(THE RECORDS Opens)

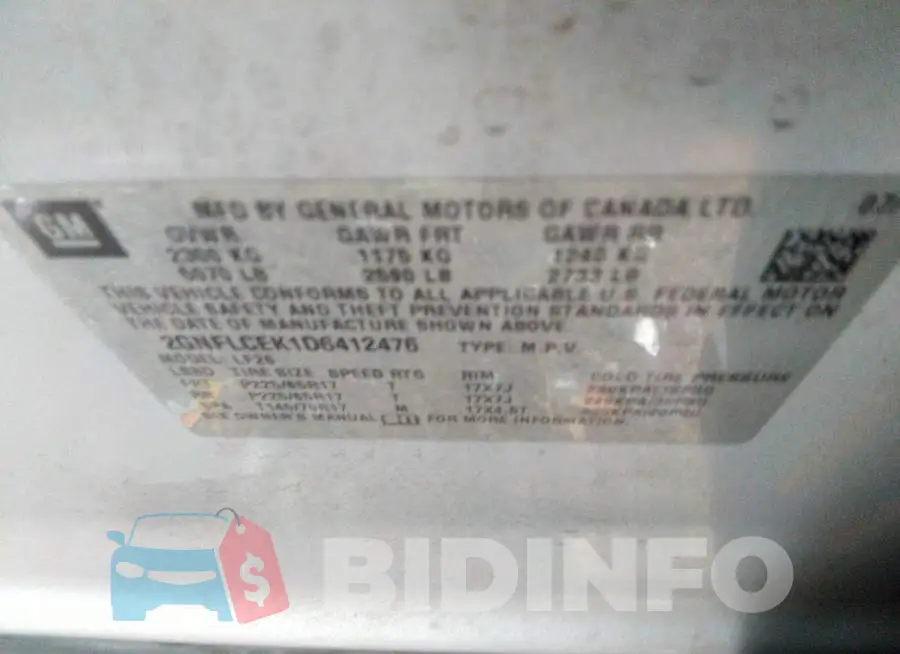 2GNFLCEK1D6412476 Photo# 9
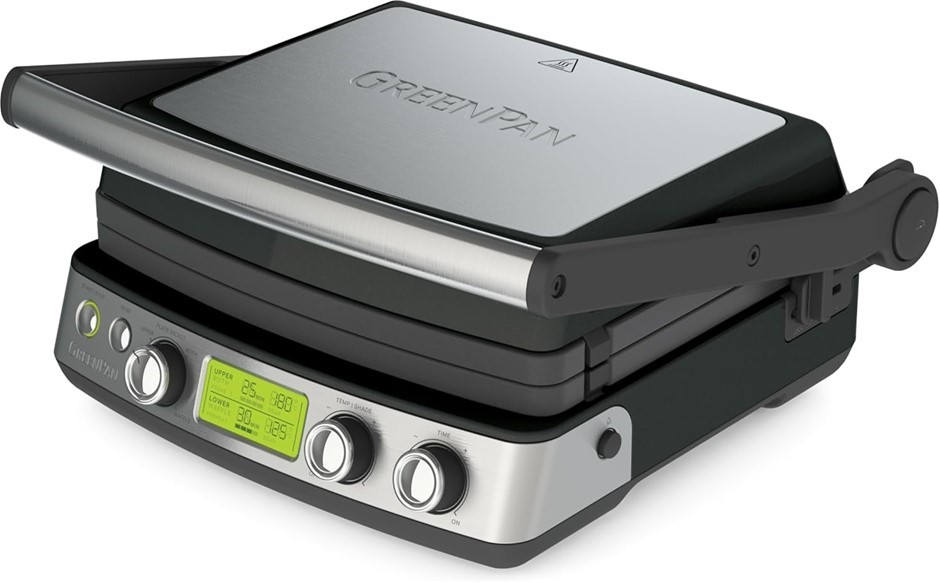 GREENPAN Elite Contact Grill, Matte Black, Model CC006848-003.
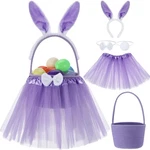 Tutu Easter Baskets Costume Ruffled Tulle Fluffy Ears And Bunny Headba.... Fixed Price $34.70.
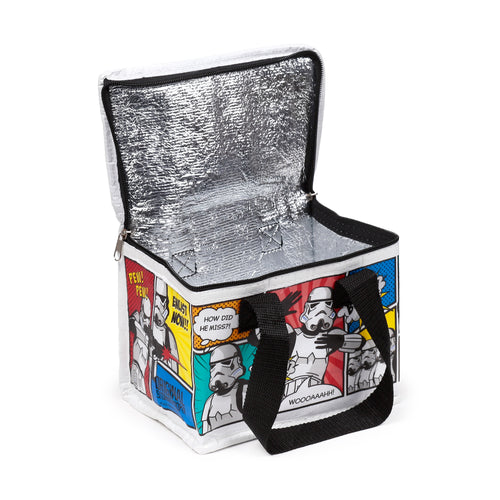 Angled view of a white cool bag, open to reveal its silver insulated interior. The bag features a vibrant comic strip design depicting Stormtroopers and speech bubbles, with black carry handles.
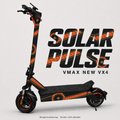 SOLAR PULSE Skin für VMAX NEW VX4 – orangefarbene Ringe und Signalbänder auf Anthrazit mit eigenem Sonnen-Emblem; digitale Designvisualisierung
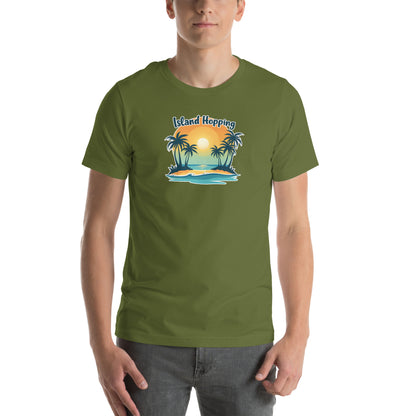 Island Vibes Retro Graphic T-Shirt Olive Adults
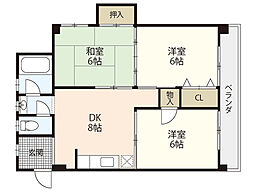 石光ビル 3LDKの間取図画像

(THE RECORDS Closes)

| ASSIGNED TASK |
Output only the stretch above from the line with "Angled view of" through the line with "Island Vibes Retro", reproduced exactly. Exclude pictures.

| EXERCISE RESULT |
 Angled view of a white cool bag, open to reveal its silver insulated interior. The bag features a vibrant comic strip design depicting Stormtroopers and speech bubbles, with black carry handles.
 SOLAR PULSE Skin für VMAX NEW VX4 – orangefarbene Ringe und Signalbänder auf Anthrazit mit eigenem Sonnen-Emblem; digitale Designvisualisierung
 Island Vibes Retro Graphic T-Shirt Olive Adults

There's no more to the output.